----- DATA PROVIDED

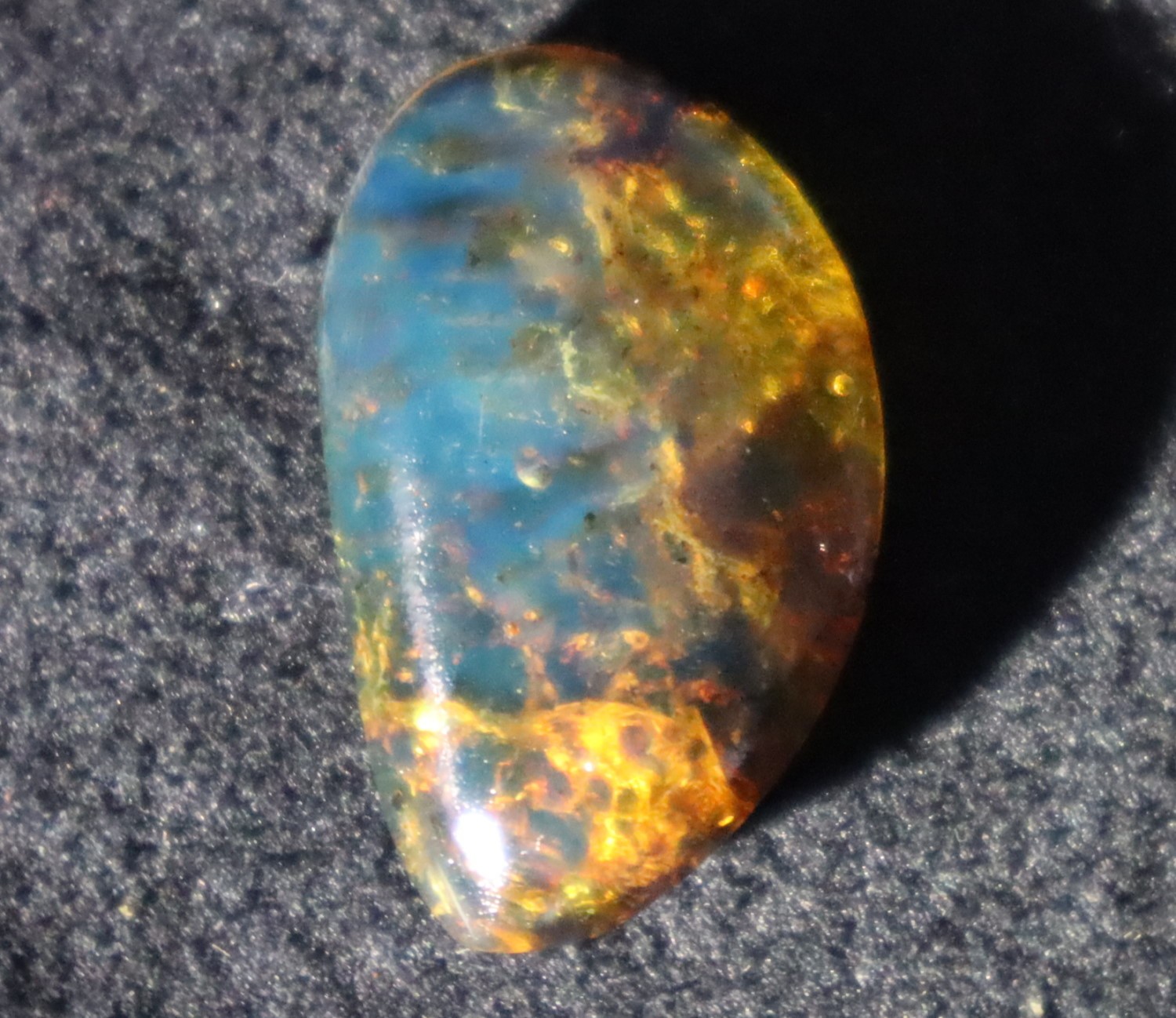 Beautiful Natural Transl.  Deep Blue Amber Cabochon 27mm free drilling and hook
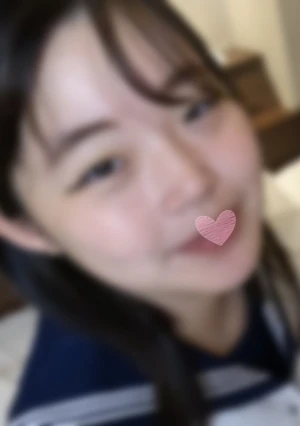 【無修正】 18歳にそこまでやるか！！ジューシーで美味しそうなカラダ...熱く濡れた18歳のワレメに極太チンポをぶち込む！！セー〇ー服色情飼育係 / つぼみ(18歳)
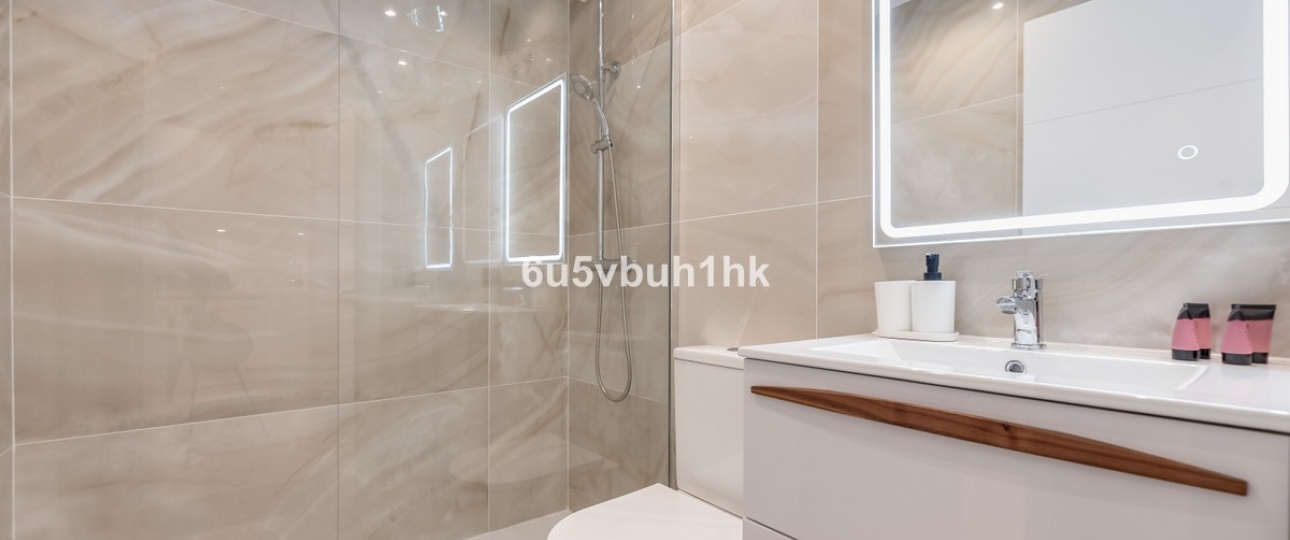 Resale - apartment - Estepona - Estepona Centro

----------

#### EXERCISE BRIEF
Strip out the pictures and reproduce the remaining material above exactly.

#### COMPLETED EXERCISE
 Beautiful Natural Transl.  Deep Blue Amber Cabochon 27mm free drilling and hook
 【無修正】 18歳にそこまでやるか！！ジューシーで美味しそうなカラダ...熱く濡れた18歳のワレメに極太チンポをぶち込む！！セー〇ー服色情飼育係 / つぼみ(18歳)
 Resale - apartment - Estepona - Estepona Centro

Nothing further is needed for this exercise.